Soon after we met one of those sights common in part of the world,
to wit a chain slave-gang, bound east.
The slaves did not appear to
be in any way down-hearted on the contrary, they seemed imbued with
the philosophic jollity of the jolly servant of Martin Chuzzlewit.
Were it not for their chains, it would have been difficult to discover
master from slave; the physiognomic traits were alike - the mild
benignity with which we were regarded was equally visible on all faces.
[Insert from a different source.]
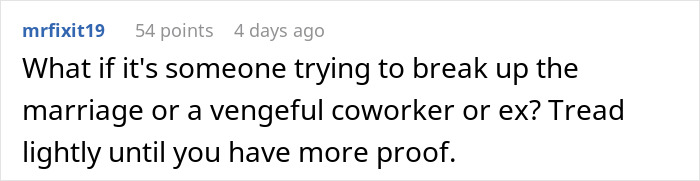 Comment discussing concerns about a friend&rsquo;s husband dating the same guy and caution with unproven suspicions.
The chains were ponderous - they might have held elephants captive;
but as the slaves carried nothing but themselves, their weight could
not have been insupportable.
The jungle was scant on this march, and though in some places the
packs met with accidents, they were not such as seriously to
retard progress. By 10 A.M. we were in camp in the midst of an
imposing view of green sward and forest domed by a cloudless sky.
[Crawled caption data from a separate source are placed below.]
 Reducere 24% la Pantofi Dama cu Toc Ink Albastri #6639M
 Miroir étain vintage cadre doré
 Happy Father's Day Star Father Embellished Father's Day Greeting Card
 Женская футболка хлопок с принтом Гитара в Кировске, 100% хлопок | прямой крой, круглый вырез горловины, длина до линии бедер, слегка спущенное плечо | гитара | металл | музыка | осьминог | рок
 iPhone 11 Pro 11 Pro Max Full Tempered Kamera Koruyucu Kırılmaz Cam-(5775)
We had again pitched our camp in the wilderness, and, as is the
custom of caravans, fired two shots to warn any Washensi having
grain to sell, that we were willing to trade.
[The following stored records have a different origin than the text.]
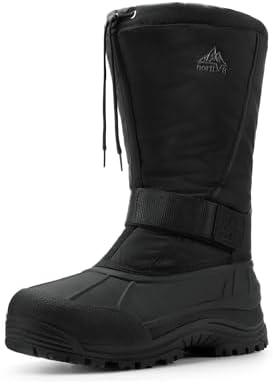 NORTIV Men's Waterproof Winter Snow Boots Insulated Fur Liner Lightweight Outdoor Tall Boots, Size 10 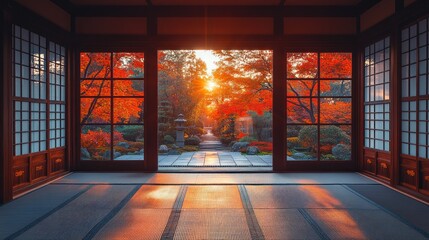 Tranquil Japanese autumn garden view from traditional wooden interior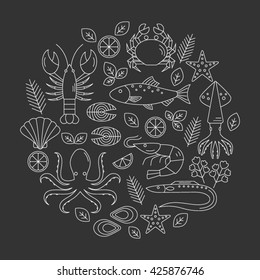 Seafood vector flat line icons set,  lobster, crab, salmon, fish, squid, oyster, shrimp, octopus, eel  isolated.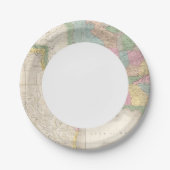 北米の統一された州地図 ペーパープレート (正面)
Our next halting-place was Kisemo, distant but eleven miles from
Msuwa, a village situated in a populous district, having in its
vicinity no less than five other villages, each fortified by
stakes and thorny abattis, with as much fierce independence as if
their petty lords were so many Percys and Douglasses. Each
topped a ridge, or a low hummock, with an assumption of defiance of
the cock-on-its-own-dunghill type. Between these humble eminences
and low ridges of land wind narrow vales which are favored with the
cultivation of matama and Indian corn. Behind the village flows
the Ungerengeri River, an impetuous stream during the Masika
season, capable of overflowing its steep banks, but in the dry
season it subsides into its proper status, which is that of a small
stream of very clear sweet water. Its course from Kisemo is
south-west, then easterly ; it is the main feeder of the Kingani
River.
The belles of Kisemo are noted for their vanity in brass wire,
which is wound in spiral rings round their wrists and ankles, and
the varieties of style which their hispid heads exhibit; while
their poor lords, obliged to be contented with dingy torn clouts
and split ears, show what wide sway Asmodeus holds over this
terrestrial sphere - for it must have been an unhappy time when the
hard-besieged husbands finally gave way before their spouses.
Besides these brassy ornaments on their extremities, and the
various hair-dressing styles, the women of Kisemo frequently wear
lengthy necklaces, which run in rivers of colours down their
bodies.
A more comical picture is seldom presented than that of one of
these highly-dressed females engaged in the homely and necessary
task of grinding corn for herself and family.